Just before the piston reaches the top of the compression stroke, the spark plugs fire. The fuel-air mixture ignites and burns rapidly. Note that it is not an explosion, but a very fast, controlled burn. The resulting pressure spike drives the piston downward with tremendous force. This is the only stroke that actually produces power. The other three strokes are just setting up for this one moment.

4. Exhaust Stroke

The exhaust valve opens. The piston moves back upward, pushing the burned gases out of the cylinder and into the exhaust system. At the top of the exhaust stroke, the cycle starts over.

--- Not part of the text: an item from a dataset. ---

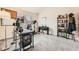 Office features a vaulted ceiling, large window, desk setup, piano, and bookshelf at 3205 S Walden Ct # H, Aurora, CO 80013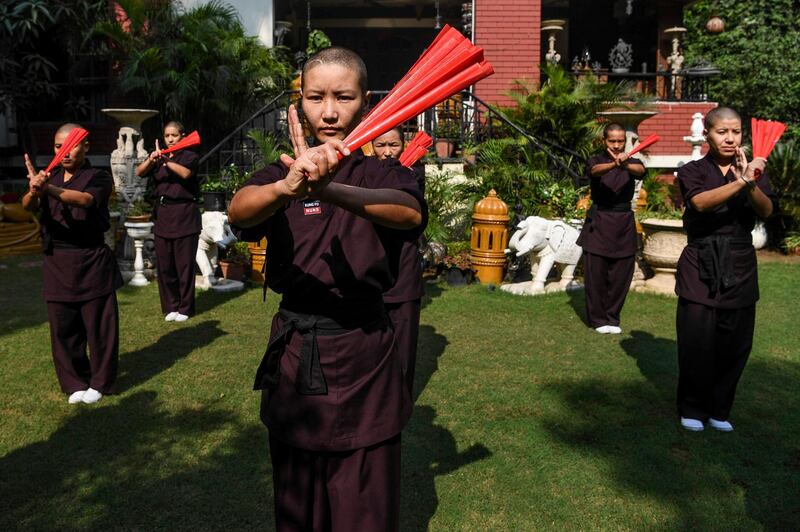 The nuns are from the 800-strong Druk Amitabha Mountain Nunnery in Nepal and belong to the centuries-old Drukpa school of Tibetan Buddhism.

The whole process happens incredibly fast. At 2,400 RPM, which is a typical cruise setting in a small aircraft, each cylinder completes 1,200 full cycles per minute. That’s 20 cycles per second, per cylinder.

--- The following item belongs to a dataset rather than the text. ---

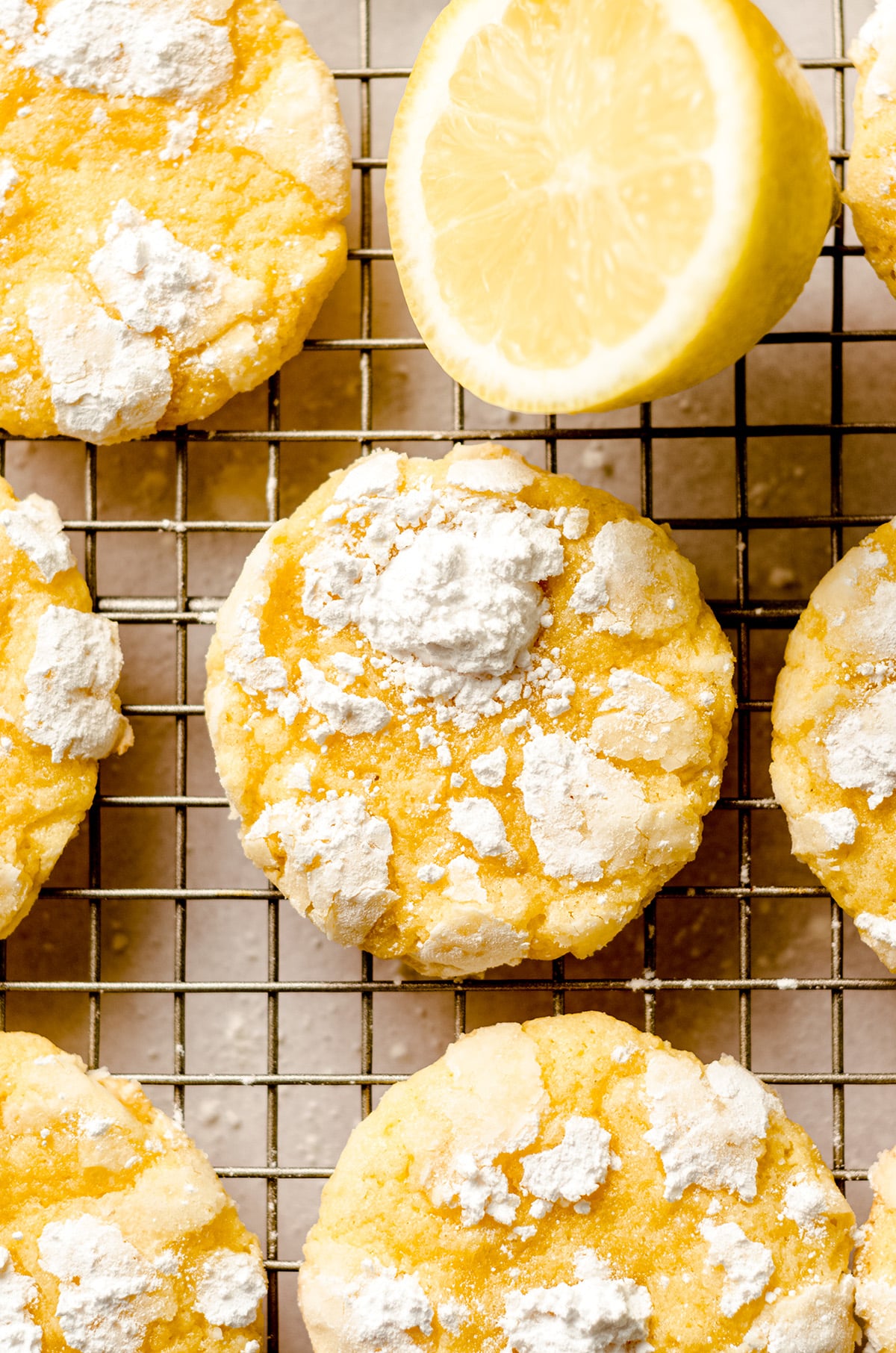 lemon crinkle cookies on a cooling rack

Why Four Cylinders (Usually)

Most training aircraft like the Cessna 172, Piper Cherokee, and Diamond DA40 use four-cylinder engines. Some use six. A few high-performance singles have eight.

The cylinders don’t all fire at the same time. They fire in a specific sequence designed to keep the engine running smoothly. In a four-cylinder engine, the firing order is typically 1-3-2-4. This means that at any given moment, one cylinder is on its power stroke, one is on compression, one is on intake, and one is on exhaust. The result is continuous, smooth power delivery to the propeller.

The most common configuration is the horizontally opposed engine — flat engines with cylinders arranged in two banks on opposite sides of the crankshaft. Lycoming and Continental are the two dominant manufacturers. The Lycoming O-320, for example, produces 150 to 160 horsepower and powers thousands of Cessna 172s.

The Magneto: Independent Ignition

Here’s something that surprises a lot of people: your airplane’s engine doesn’t need the battery or electrical system to keep running. It has its own self-contained ignition system called the magneto.

A magneto is a small electrical generator driven by the engine. It uses a spinning permanent magnet to generate high-voltage electricity, which is then sent to the spark plugs. As long as the engine is turning, the magneto is generating spark.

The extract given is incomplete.